= Recombinant Immunotoxin Collaborative Group =

The Recombinant Immunotoxin Collaborative Group (RICG) is a group of scientists specialising in immunology, biochemistry and molecular biology from the United Kingdom and Italy. The group is working toward the development of genetically engineered immunotoxins made from monoclonal antibody fragments genetically fused to either saporin or Pseudomonas exotoxin (PE) for the treatment of human hematological malignancies such as leukaemia, lymphoma and multiple myeloma.

==Formation==
The RICG was formed in 2005 and originally consisted of Dr Aldo Ceriotti and Dr M. Serena Fabbrini (IBBA, CNR, Milan), Professor Marco Colombatti (University of Verona), Professor Rodolfo Ippoliti (University of L'Aquila), Dr Alessandro Pini (University of Siena) and Drs David Flavell and Sopsamorn Flavell (University of Southampton Medical School and Leukaemia Busters). Dr Alessandro Pini left the group in 2007.

==Achievements==
The RICG was successful in producing a range of recombinant immunotoxins based on the monoclonal antibodies 4KB128 and OKT10 targeting CD22 and CD38, respectively on normal and malignant lymphoid cells. This development work was undertaken with funding from the UK-based charity Leukaemia Busters under the direction of Dr David Flavell, the charity's Scientific Director

==Disbanding==
The group disbanded in 2009 due to funding difficulties following the global economic crisis but despite this the former members continue to collaborate in areas of mutual interest.
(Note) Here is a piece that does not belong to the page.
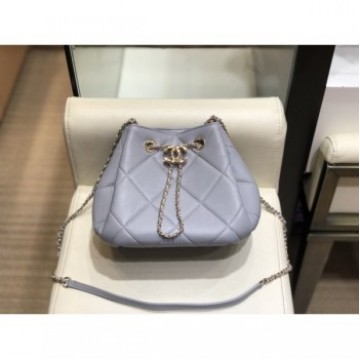 Chanel Quilted Lambskin Small Drawstring Bucket Bag AS1801 Gray/Gold 2020 Collection AQ01564 Chanel Quilted Lambskin Small Drawstring Bucket Bag AS1801 Gray/Gold 2020 Collection AQ01564
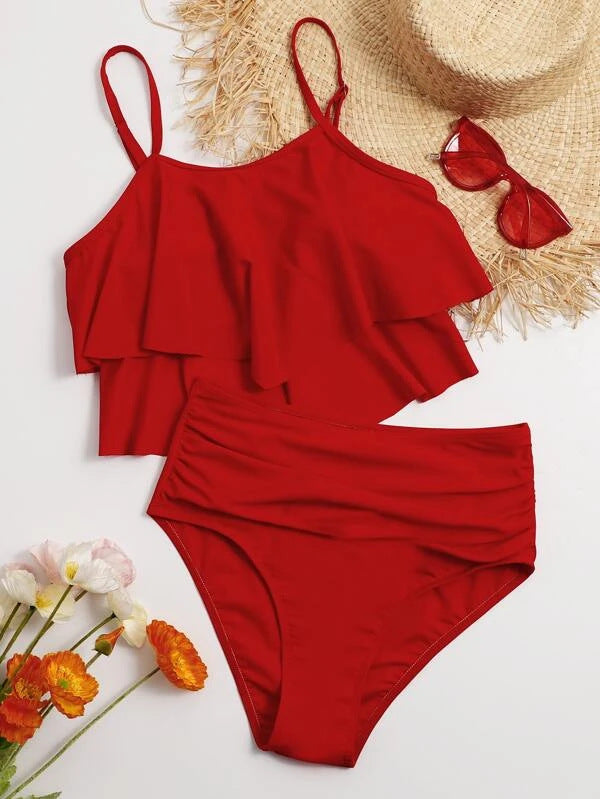 Women's Layered Flounce High-Waist Tankini Set - KaleaBoutique.com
In this respect some of the group members and their respective institutes have recently entered into a collaboration agreement with the Italian pharmaceutical company Dompé based in L’Aquila, central Italy with the intention of developing one of the RICG produced recombinant immunotoxins for investigation in early phase clinical trials for patients with leukaemia and lymphoma.